> **SUPPLIED MATERIAL**:
━━━

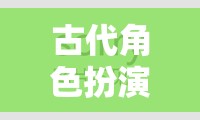 穿越時空的華麗冒險，古代角色扮演H的奇幻之旅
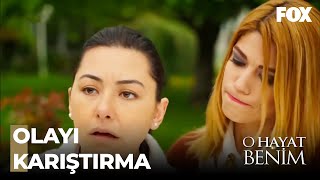 Efsun, Beyzayı Tehdit Etti - O Hayat Benim 11. Bölüm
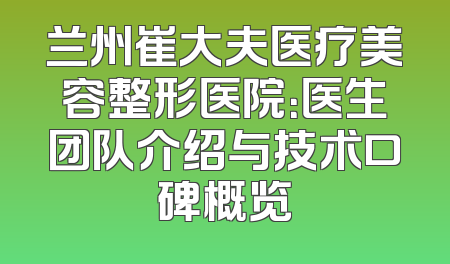 兰州崔大夫医疗美容整形医院：医生团队介绍与技术口碑概览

━━━

> **TASK TO CARRY OUT**:
Without any pictures, transcribe the listing above exactly as written.

> **SOLUTION TO THIS TASK**:
 穿越時空的華麗冒險，古代角色扮演H的奇幻之旅
 Efsun, Beyzayı Tehdit Etti - O Hayat Benim 11. Bölüm
 兰州崔大夫医疗美容整形医院：医生团队介绍与技术口碑概览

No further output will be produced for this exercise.